Bu artışın arkasında yatan nedenlerden biri de jeopolitik dengelerdeki değişimler. Rusya'ya yönelik yaptırımlar, Avrupa enerji pazarının rotasını değiştiriyor ve bu da Baltık ve Karadeniz'den yapılan ihracatın uzak pazarlara yönlendirilmesini zorunlu kılıyor. Ancak, bu yeni rotalar beraberinde Husilerin gemilere yönelik saldırıları dolayısıyla risk taşıyor, bu da daha uzun ve dolayısıyla maliyetli seyahatler anlamına geliyor.
Talep artarken, tanker filosunun büyüklüğü hemen hemen aynı kalıyor. Son yıllarda sipariş eksikliği nedeniyle 2024'te sadece iki VLCC, gelecek yıl ise yalnızca birkaç VLCC'nin teslim edilmesi bekleniyor. Bu da, talebin karşılanması için önemli bir zorluk oluşturuyor.
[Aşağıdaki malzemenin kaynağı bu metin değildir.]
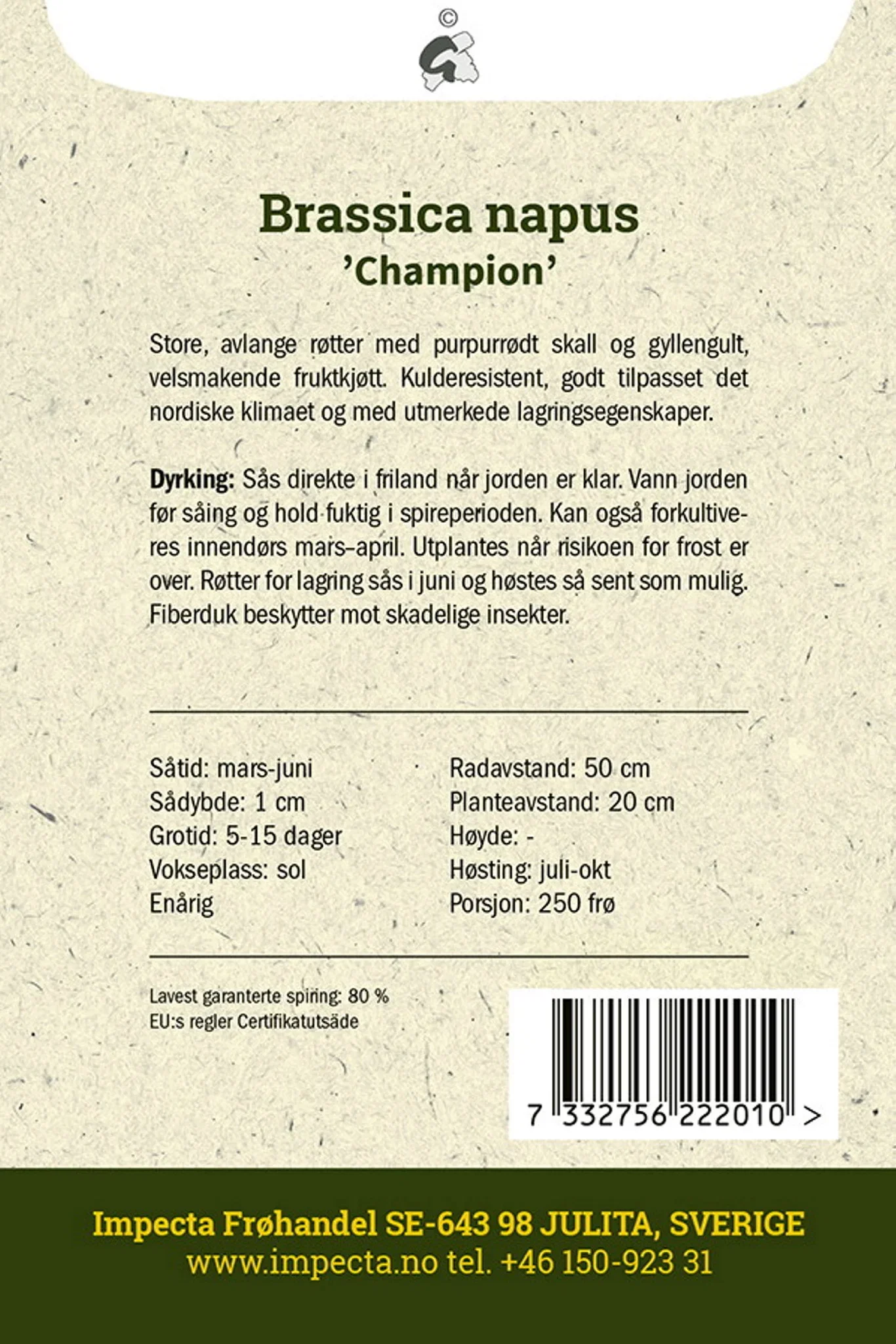 Brassica napus 'Champion' Kålrot 'Champion'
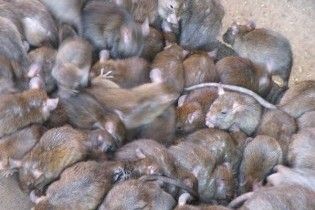 Черновецкий ликвидирует предприятие, воюющее со столичными крысами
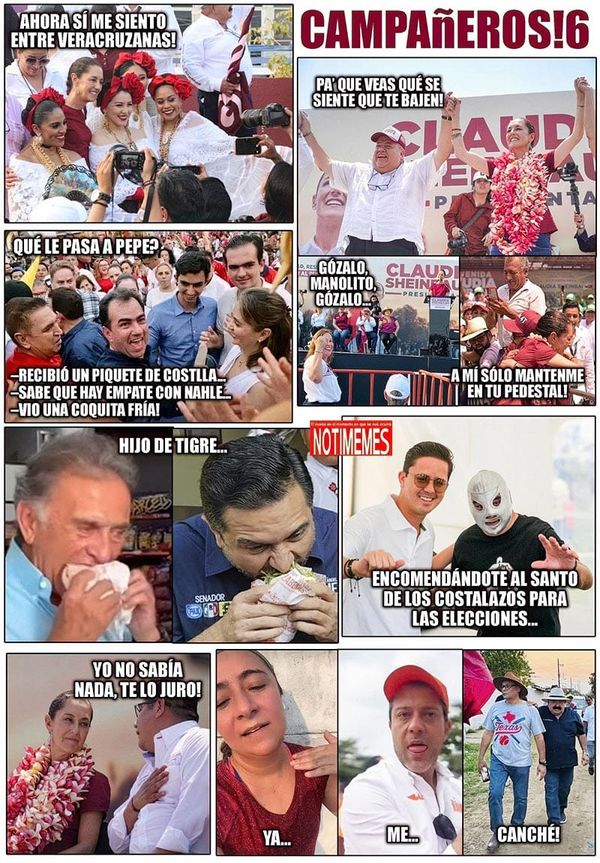 NOTI-MEME | CAMPAÑEROS! 6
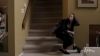 Filename=Jodelle-Girl-Fight_129.jpg
Filesize=80KiB
Dimensions=1920x1080
Date added=Oct 13, 2011 Jodelle-Girl-Fight_129.jpg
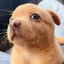 CACHORRO GAMER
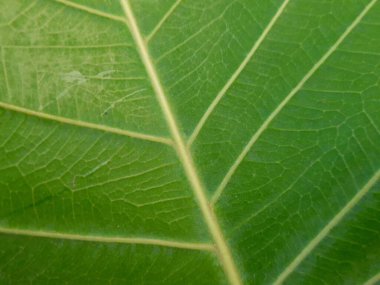 Ficus religiosa yaprağı. Ayrıca Thebodhi ağacı, pippala ağacı, peepul ağacı, dikiz ağacı ve ashwattha ağacı olarak da bilinir..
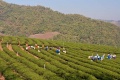 Doi-mae-salong-tea-garden.jpg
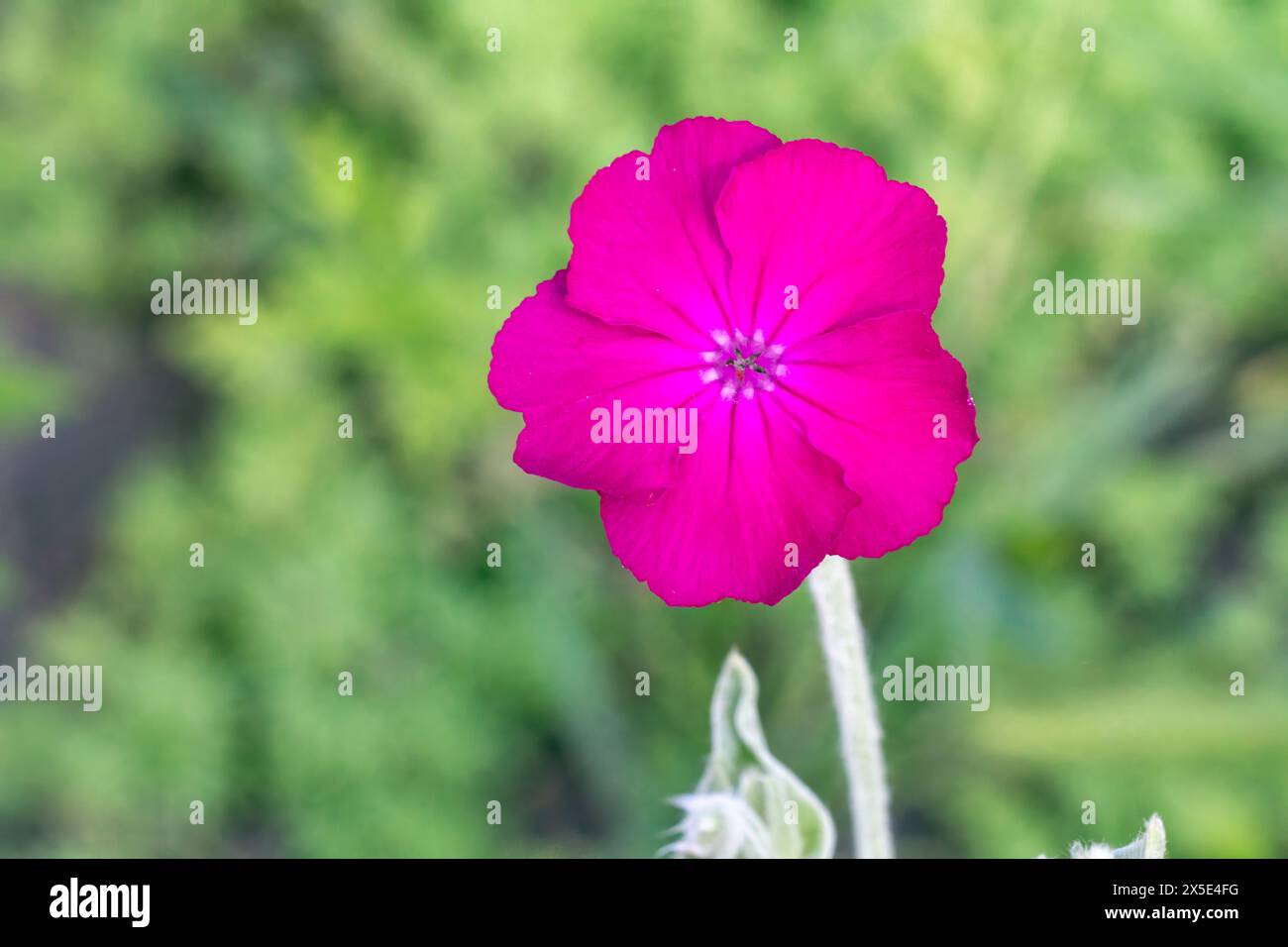 Close-up a flower Silene coronaria or Lychnis coronaria with blurred natural background. Flowering plants in the garden. Stock Photo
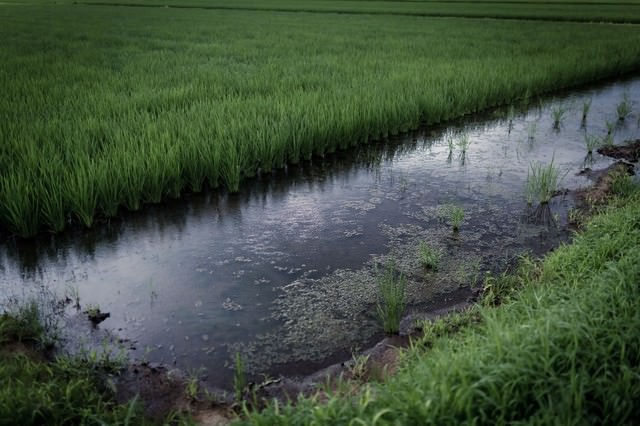 小雨が降る夏の田んぼ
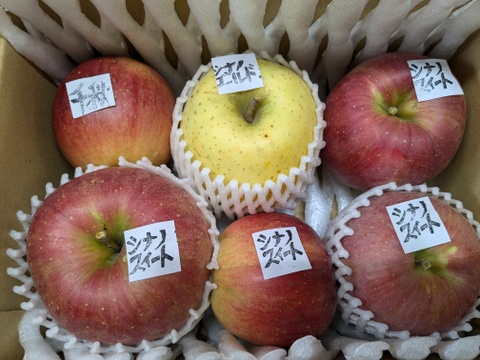 信州りんご🍎おためしサイズ約1.8キロ(5～9個)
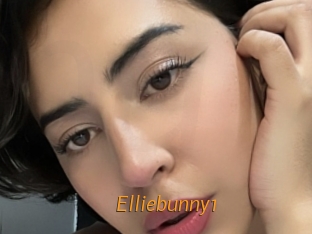 Elliebunny1
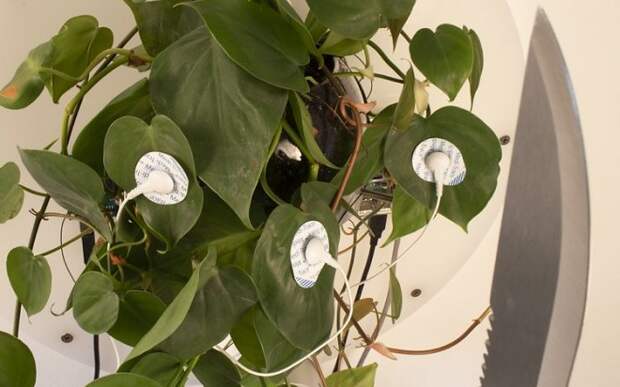 Цветок с мачете Цветок с мачете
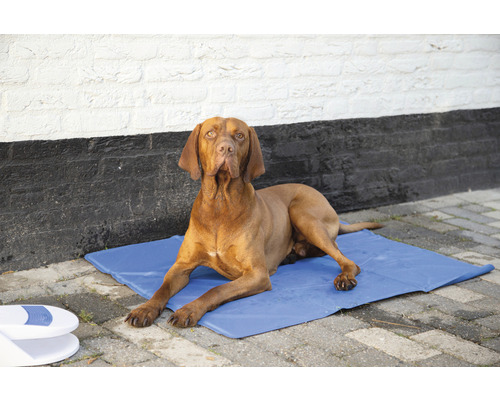 Hund liegt auf einer Kühlmatte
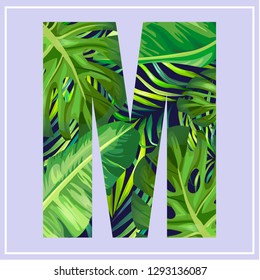 letter M , typography, jungle background, vector illustration 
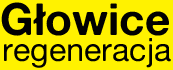 Głowice regeneracja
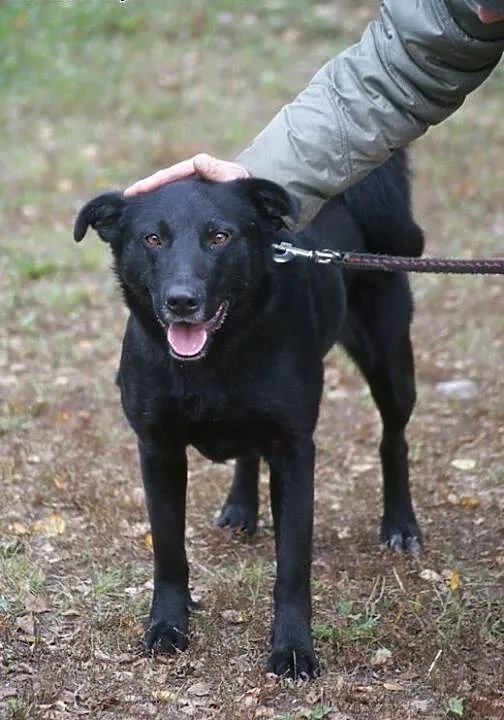 Czarna w type labradora aktualne , Labrador retri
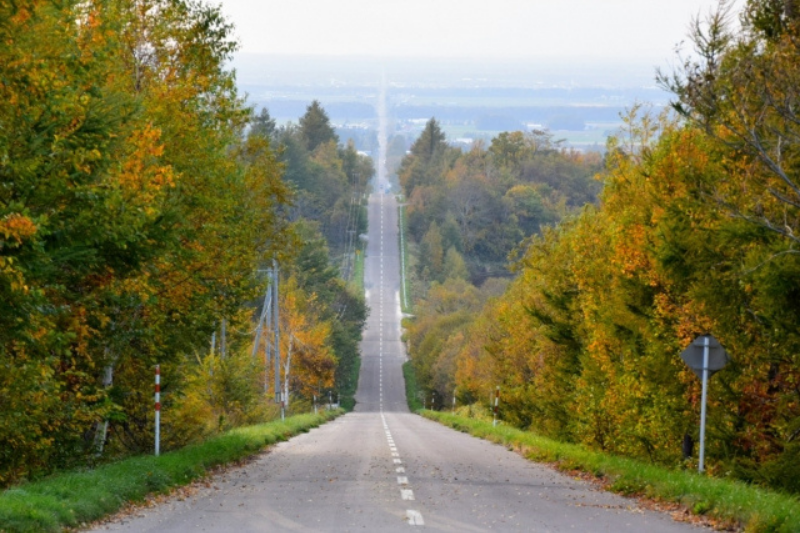 하늘로 이어지는 길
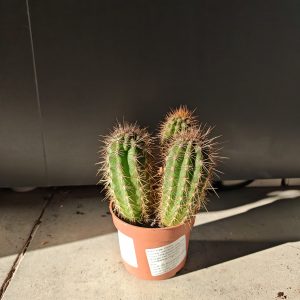 Cactus mix 10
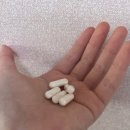 하이 동물병원 이미지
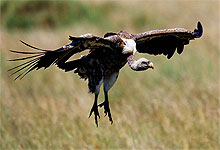 Vulture in Maasai Mara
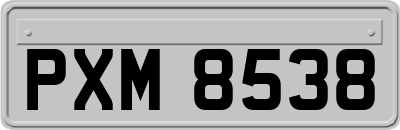 PXM8538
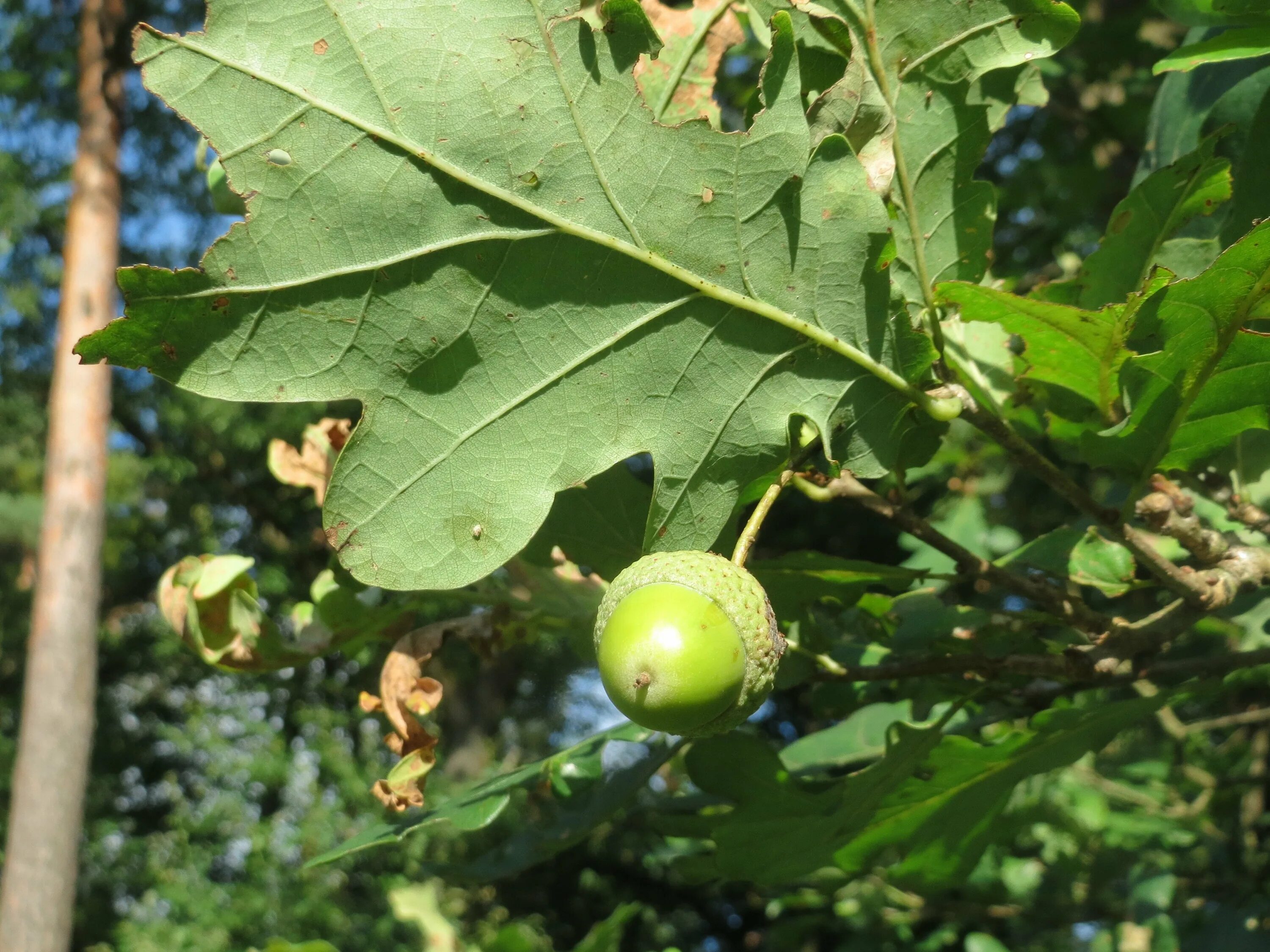 Дуб черешчатый (Quercus Robur). Quercus Robur pendula. Дуб черешчатый Quercus Robur INFV,. Дуб черешчатый ножкоцветный (Quercus Robur pedunculiflora). Диаметр дуба черешчатого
Tüm bu faktörler, tankerlerin yeniden satış değerlerinde gözle görülür bir artışa işaret ediyor ve piyasayı satıcı lehine dönüştürüyor. Öyle ki, son zamanlarda sekiz yaşındaki bir VLCC'nin, inşa maliyetinin bile üzerinde bir fiyata satıldığına dair istisnai örnekler mevcut.
Asya'daki tersaneler, bu yükselen talepten büyük ölçüde faydalanıyor. Önde gelen Çin, Kore ve Japon tersaneleri, zaten konteyner gemileri ve LNG taşıyıcıları siparişleriyle dolu olmalarına rağmen, bu fırsatı değerlendiriyorlar.
Ancak yüksek fiyatlara rağmen, tanker sahipleri gelecekteki fırsatları göz önünde bulundurarak yatırım yapıyorlar. Sipariş defterlerinin yalnızca VLCC filosunun yüzde 3'ünü oluşturması ve mevcut filonun üçte birinin yaşlanıyor olması, uzun vadeli fırsatların hala mevcut olduğunu gösteriyor.